Benson G, Dong L
Department of Biomathematical Sciences, Mount Sinai School of Medicine, New York, NY 10029-6574, USA.
Proc Int Conf Intell Syst Mol Biol. 1999:44-53.
One of the less well understood mutational transformations that act upon DNA is tandem duplication. In this process, a stretch of DNA is duplicated to produce two or more adjacent copies, resulting in a tandem repeat. Over time, the copies undergo additional mutations so that typically, multiple approximate tandem copies are present.

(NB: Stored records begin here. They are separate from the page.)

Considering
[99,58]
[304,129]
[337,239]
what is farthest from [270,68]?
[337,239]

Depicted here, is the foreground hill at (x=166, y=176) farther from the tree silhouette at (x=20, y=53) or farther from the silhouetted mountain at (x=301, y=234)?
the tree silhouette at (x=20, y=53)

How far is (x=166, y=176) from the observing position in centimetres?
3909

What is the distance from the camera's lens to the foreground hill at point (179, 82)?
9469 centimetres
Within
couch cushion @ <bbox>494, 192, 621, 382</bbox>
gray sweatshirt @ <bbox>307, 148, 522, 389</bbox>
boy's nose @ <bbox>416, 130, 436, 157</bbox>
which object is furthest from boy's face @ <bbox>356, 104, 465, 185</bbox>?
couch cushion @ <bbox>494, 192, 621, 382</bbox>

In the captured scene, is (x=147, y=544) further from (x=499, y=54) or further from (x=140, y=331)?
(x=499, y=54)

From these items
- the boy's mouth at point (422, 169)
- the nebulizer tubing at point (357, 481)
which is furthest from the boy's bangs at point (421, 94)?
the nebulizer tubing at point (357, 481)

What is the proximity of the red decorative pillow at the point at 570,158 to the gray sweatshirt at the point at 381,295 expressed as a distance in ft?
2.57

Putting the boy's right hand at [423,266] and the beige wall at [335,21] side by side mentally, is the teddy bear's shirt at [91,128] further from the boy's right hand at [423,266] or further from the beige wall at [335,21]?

An interesting feature of tandem repeats is that the duplicated copies are preserved together, making it possible to do "phylogenetic analysis" on a single sequence. This involves using the pattern of mutations among the copies to determine a minimal or a most likely history for the repeat. A history tries to describe the interwoven pattern of substitutions, indels, and duplication events in such a way as to minimize the number of identical mutations that arise independently. Because the copies are adjacent and ordered, the history problem can not be solved by standard phylogeny algorithms. In this paper, we introduce several versions of the tandem repeat history problem, develop algorithmic solutions and evaluate their performance. We also develop ways to visualize important features of a history with the goal of discovering properties of the duplication mechanism.
作用于DNA的一种较难理解的突变转变是串联重复。在这个过程中,一段DNA被复制以产生两个或更多相邻的拷贝,从而形成串联重复序列。随着时间的推移,这些拷贝会经历额外的突变,所以通常会存在多个近似的串联拷贝。串联重复序列的一个有趣特征是,复制后的拷贝会一起保留下来,这使得对单个序列进行“系统发育分析”成为可能。这涉及利用拷贝之间的突变模式来确定重复序列的最小或最可能的历史。一段历史试图以一种尽量减少独立出现的相同突变数量的方式,来描述替换、插入缺失和重复事件的交织模式。由于这些拷贝是相邻且有序的,标准的系统发育算法无法解决历史问题。在本文中,我们介绍了串联重复历史问题的几个版本,开发了算法解决方案并评估了它们的性能。我们还开发了可视化历史重要特征的方法,目的是发现重复机制的特性。